N.C. Sen. Chad Barefoot, R-Franklin, and N.C. Rep. Bobbie Richardson, D-Franklin, sponsored bills in February that would effectively repeal Centerville’s charter and disband the local government currently in place. The bills are still being considered in the North Carolina Senate.
Located about 44 miles northeast of Raleigh, Centerville is positioned at the intersection of N.C. highways 561 and 58 and had only 89 residents in a 2010 Census.
The local government can only offer streetlights and speed limit signs, receiving $400 in tax revenue each year. Without a property tax, the town is ineligible for additional state funding, Richardson said.
“To stay incorporated, they would have to generate more revenue,” she said. “The only option they had available to them was raising taxes, and the citizens voted not to raise taxes.”

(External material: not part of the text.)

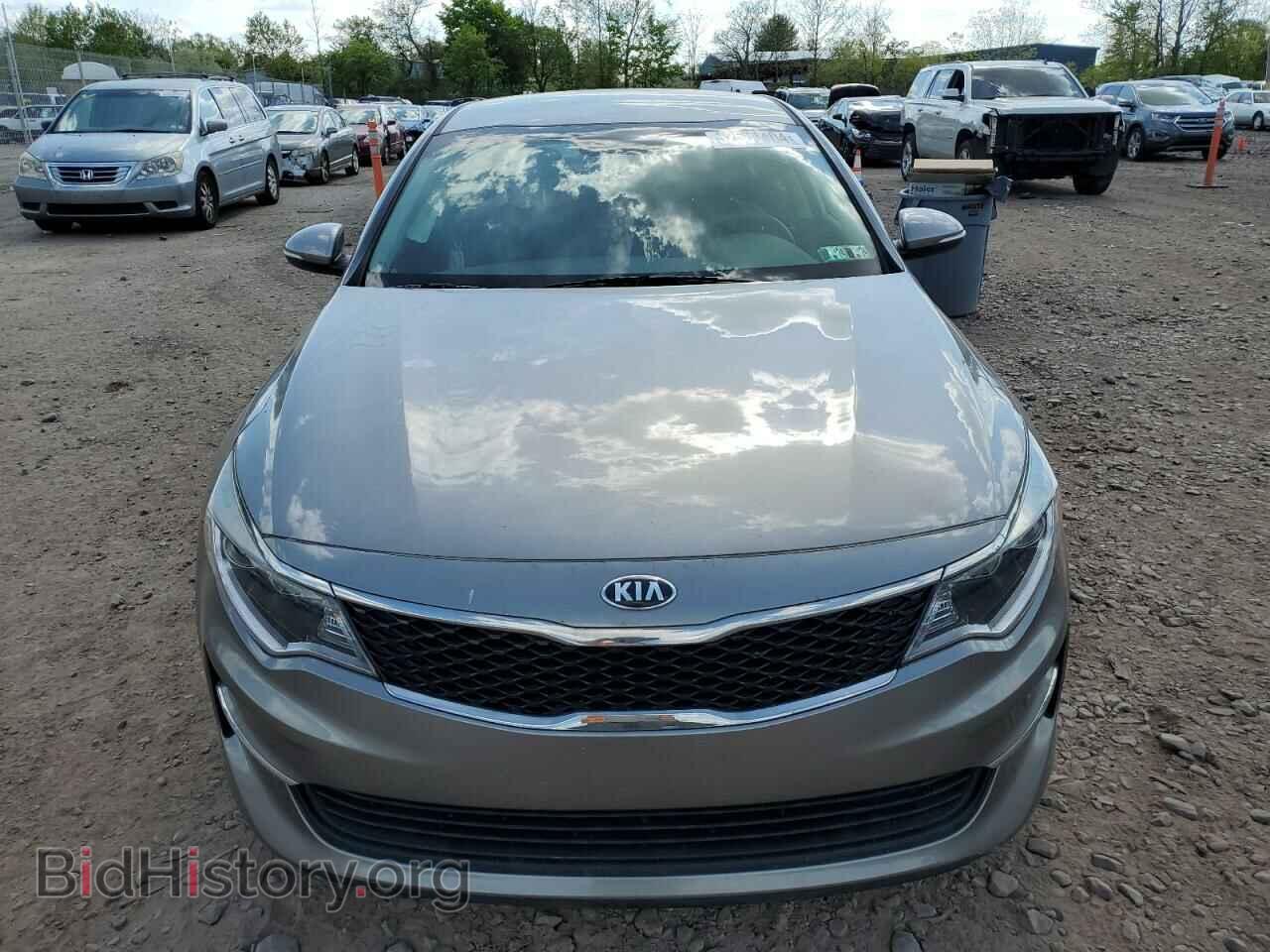 2016 KIA OPTIMA - VIN: 5XXGT4L33GG091597 - Фото 5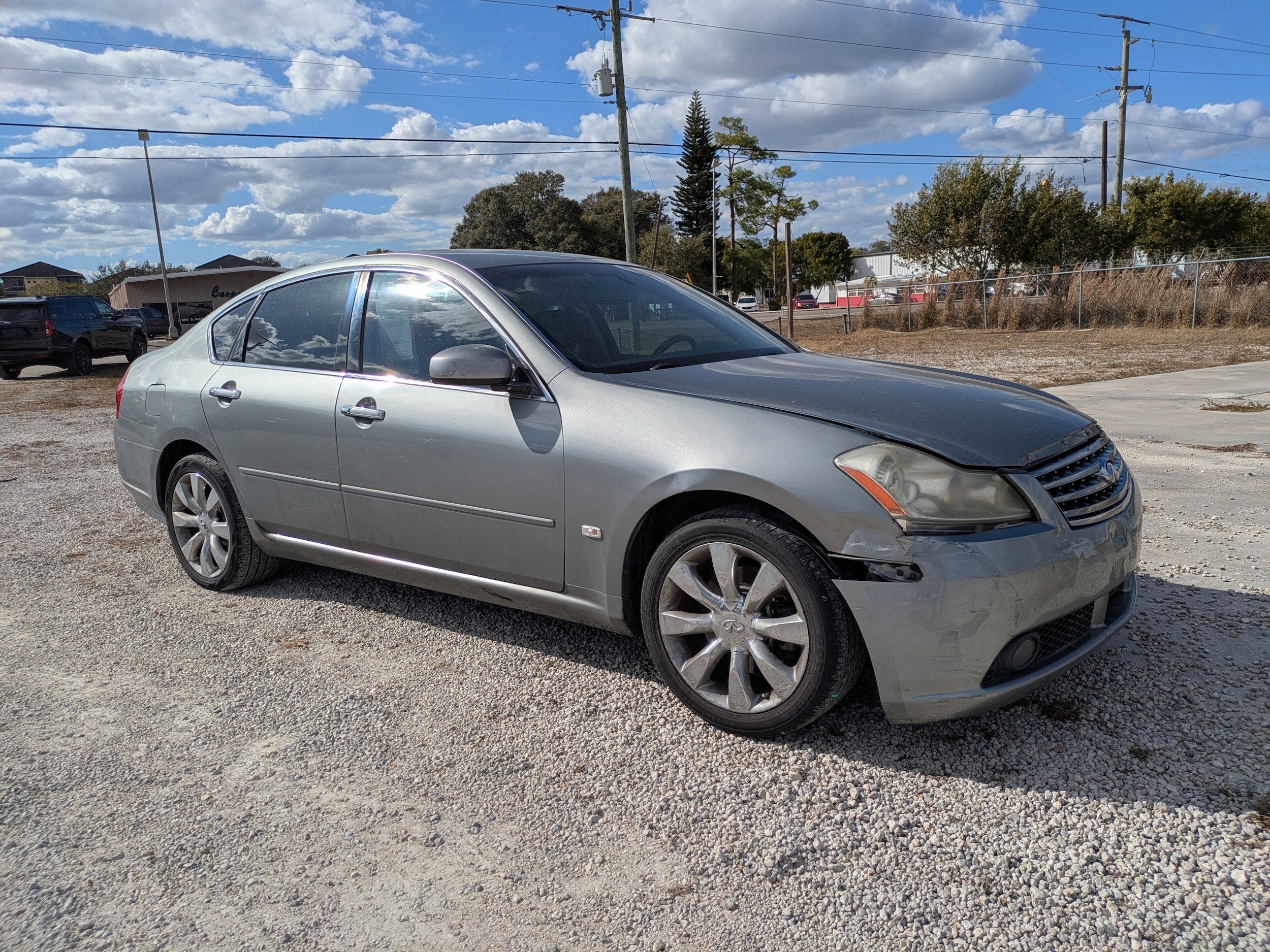 Used 2006 INFINITI M 35 with VIN JNKAY01F96M256301 for sale in LaBelle, FL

Without property taxes, there is no way to pay for other services a town typically offers. Marsha Strawbridge, mayor of Bunn, North Carolina, said she could understand the town’s need to dissolve.
“It costs several thousand dollars holding municipal elections,” Strawbridge said. “If you’re not charging taxes then you have no way to pay for the election costs.”
Centerville is a largely rural community made up of government workers and retired farmers with only a handful of businesses — among them a dollar store and a couple convenience stores and gas stations.
Unlike Bunn, which is located only 40 minutes from Raleigh, Centerville does not easily connect to the larger towns and cities in the area.
“It’s in a really rural area,” Strawbridge said. “If you look at Centerville, it’s mainly just a crossroads out there.”
Jeff Lewis, director of the Franklin County Office of Emergency Services, described the town as “a very little farm — rural community — very close knit.”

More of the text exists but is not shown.